Les brefs des papes sont des lettres moins solennelles que les bulles, par lesquelles ils accordent les grâces ordinaires et peu importantes ; telles que les dispenses des interstices pour les ordres sacrés, etc. Voyez BREF.

Pouvoir du pape. Le pape a incontestablement le droit de décider sur les questions de foi : les decrets qu'il fait sur ce sujet regardent toutes les églises ; mais comme ce n'est point au pape, mais au corps des pasteurs que J. C. a promis l'infaillibilité, ils ne font règles de foi que quand ils sont confirmés par le consentement de l'Eglise. Telle est la teneur de la iv. proposition du clergé, en 1682.

En qualité de chef de l'Eglise le pape préside aux conciles écuméniques, et il est seul en possession de les convoquer, depuis la division de l'empire romain entre différents souverains.

Le pape est soumis aux décisions du concîle écuménique, non seulement pour ce qui regarde la foi, mais encore pour tout ce qui regarde le schisme et la réformation générale de l'Eglise. C'est encore un des quatre articles de 1682 : ce qui est conforme aux conciles de Constance et de Basle.
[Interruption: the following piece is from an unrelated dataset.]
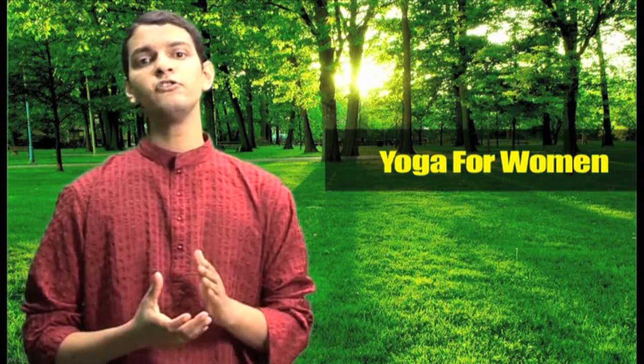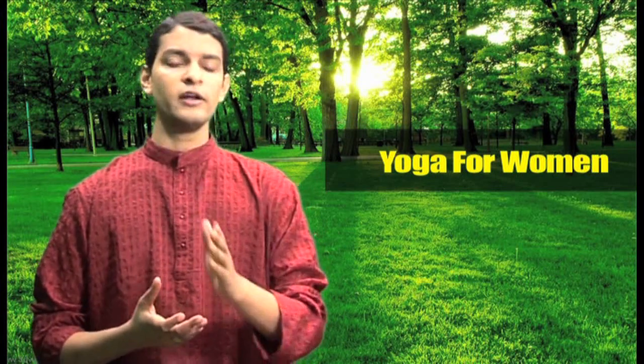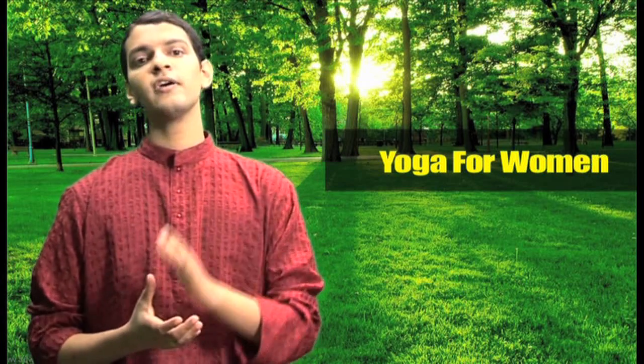If you are currently having menstrual periods then please don't do standing asanas or inverted positions. If you don't suffer from any of these problems then please check out the poses from general yoga level 1, level 2 and level 3.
Le pouvoir des papes n'a pas toujours été aussi étendu qu'il l'est présentement.

Les papes doivent à la piété de nos rois de la seconde race les grands domaines qu'ils tiennent en toute souveraineté, ce qui doit les engager à donner de leur part à nos rais, des marques de reconnaissance, et à avoir des considérations particulières pour l'église gallicane.

Les papes n'avaient au commencement aucun droit sur la disposition des bénéfices, autres que ceux de leur diocèse. Ce ne fut que depuis le XIIe siècle qu'ils commencèrent à se réserver la collation de certains bénéfices. D'abord, ils priaient les ordinaires par leurs lettres monitoires de ne pas conférer ces bénéfices ; plus souvent ils recommandaient de les conférer à certaines personnes. Ils envoyèrent ensuite des lettres préceptoriales pour obliger les ordinaires, sous quelque peine, à obéir ; et comme cela ne suffisait pas encore pour annuler la collation des ordinaires, ils renvoyaient des lettres exécutoires pour punir la contumace de l'ordinaire, et annuller sa collation. Les lettres compulsoires étaient à même fin.

L'usage a enfin prévalu, et en vertu de cet usage qui est aujourd'hui fort ancien, le pape jouit de plusieurs prérogatives pour la disposition des bénéfices : c'est ainsi qu'il confère les bénéfices vacans en cour de Rome ; qu'il admet les résignations en faveur ; qu'il prévient les collateurs ordinaires ; qu'il confère pendant 8 mois dans les pays d'obédience, suivant la règle des mois établie dans la chancellerie romaine ; qu'il admet seul les réserves des pensions sur les bénéfices.

Les fausses décrétales, composées par Isidore de Séville, contribuèrent aussi beaucoup à augmenter le pouvoir du pape sur le spirituel.

Suivant le concordat, le pape confère sur la nomination du roi, les archevêchés et évêchés de France, les abbayes et autres bénéfices qui étaient auparavant électifs par les chapitres séculiers ou réguliers : le pape doit accorder des bulles à celui qui est nommé par le roi, quand le présenté a les qualités réquises pour posséder le bénéfice.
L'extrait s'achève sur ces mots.